Calculate the volume integral of divergence over a sphere

[Vitani11]

Homework Statement

For the vector field F(r) = Ar³e^-ar2rˆ+Br^-3θ^ calculate the volume integral of the divergence over a sphere of radius R, centered at the origin.

Homework Equations

Volume of sphere V= ∫∫∫dV = ∫∫∫r²sinθdrdθdφ
Force F(r) = Ar³e^-ar2rˆ+Br^-3θ^ where ^ denote basis (unit vectors), F is a vector and is a function of r which is also a vector.
D(V) divergence over volume
θ = zenith angle (limits 0 to π)
Φ = azimuthal angle (limits 0 to 2π)
R = radius, r = variable of integration (limits 0 to R)

The Attempt at a Solution

The divergence of this thing is A(3r²e^-ar2-2ar⁴e^-ar2)
Here is the integral I set up:

D(V) = A∫∫∫(3r²e^-ar2-2ar⁴e^-ar2)r²sinθdrdθdΦ and I got down to the following: ... = 12Aπ∫r⁴e^-ar2dr - 8aAπ∫r⁶e^-ar2dr. My problem is integrating this. I mean is this even possible? If this were complex I am sure I could do it... but the integral of e^-ar2 alone is already difficult to integrate.e^-r2 I know has the solution of √π when limits are from -∞ to ∞ but these limits are also different.

 

[Vitani11]

Can I do this using a Fourier transform or expansion you think?

 

[TSny]

The divergence of this thing is A(3r²e^-ar2-2ar⁴e^-ar2)

Check the general formula for divergence in spherical coordinates
https://en.wikipedia.org/wiki/Del_in_cylindrical_and_spherical_coordinates#Del_formula

 

[Vitani11]

Oh... thank you.

 

[Vitani11]

Okay now even fixing that I am having the same issue. I still need to integrate ∫r⁴e^-ar2dr and ∫r⁶e^-ar2dr. Divergence obtained is A(5r²e^-ar2-2ar⁴e^-ar2)+Bcosθ/r⁴sinθ. When doing the integral the limits are from 0 to π and therefore the term with the B coefficient goes away since the integrals limits become 0 to 0, also after integrating the Φ component to 2π (since it doesn't depend on anything in the integral) I have this: 2πA[∫∫5r⁴e^-ar2sinθdrdθ-2πA∫∫2ar⁶e^-ar2sinθdrdθ. Then after integrating sinθ I get 20πA∫r⁴e^-ar2dr-8πAa∫r⁶e^-ar2dr

 

[TSny]

See if you can modify section 1 on page 1 of these notes:

https://web.williams.edu/Mathematics/lg5/Feynman.pdf

 

[Chestermiller]

Are you familiar with the divergence theorem?

 

[TSny]

Following Chestermiller: If you are allowed to use the divergence theorem then that's definitely the way to go!

 

[Vitani11]

Okay awesome, thank you.
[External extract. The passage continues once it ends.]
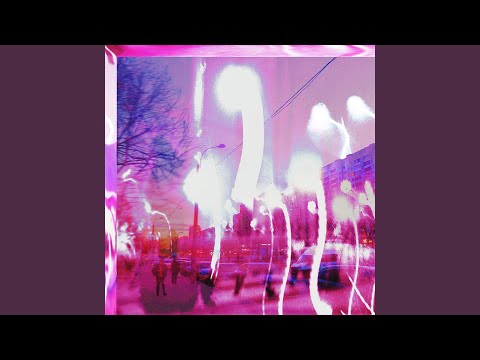 Видео: The Брат Олег Duet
I'll learn it

 

[Vitani11]

So when I used the divergence theorem I got a value which was not 0, but when I integrated using grit over the volume instead of Gausses theorem I get something which is zero. I had to use the gamma function and what not for the second approach and there is more room for error when solving the problem, but this broke down simply and equaled 0 even after all the algebra which makes it more convincing than the first approach. Would it make sense for this this to be 0? What does this question even mean? I know the maths and what a divergence is... am I just summing up all the bits of outward force over the volume of the sphere? Using gausses theorem and the other method tells me that the divergence in the θ hat direction =0. Is this because of symmetry for θ in terms of the divergence throughout the spheres volume?

 

[TSny]

So when I used the divergence theorem I got a value which was not 0, but when I integrated using grit over the volume instead of Gausses theorem I get something which is zero. I had to use the gamma function and what not for the second approach and there is more room for error when solving the problem, but this broke down simply and equaled 0 even after all the algebra which makes it more convincing than the first approach.

I let Mathematica do the volume integral of the divergence. It gives a nonzero result which agrees with the result using the divergence theorem.

Using gausses theorem and the other method tells me that the divergence in the θ hat direction =0. Is this because of symmetry for θ in terms of the divergence throughout the spheres volume?

I'm not sure what "divergence in the θ hat direction" means. Can you clarify that?

 

[Vitani11]

I meant that the divergence throughout the volume of the sphere is symmetric when integrating it throughout the zenith angle from 0 to pi i.e. it just cancels because the sum of the vectors represented by θ hat all sum to 0. Does this make sense? Also what did Mathematica tell you? I don't have software like that to check my work.

 

[TSny]

I meant that the divergence throughout the volume of the sphere is symmetric when integrating it throughout the zenith angle from 0 to pi i.e. it just cancels because the sum of the vectors represented by θ hat all sum to 0. Does this make sense?

We are integrating the divergence of the vector field F throughout the volume of the sphere. The divergence at each point is just a number. So, the integral is a sum of numbers rather than a sum of vectors.

However, F does have a $\hat{\theta}$ component. The contribution of this component of F to the divergence of F is Bcosθ/r⁴. As you noted in post #5, the integral of this expression over the volume of the sphere is zero. The only contribution to the volume integral of ∇ ⋅ F over the sphere come from the $\hat{r}$ component of F. This makes sense when considering the divergence theorem, because only the $\hat{r}$ component of F gives any flux through the surface of the sphere.

Also what did Mathematica tell you? I don't have software like that to check my work.

I let Mathematica do the integral ∫(5r²e^-ar2-2ar⁴e^-ar2)r²dr from r = 0 to r = R and it gave me an answer of R⁵e^-aR2.

 

[Vitani11]

Okay, thank you.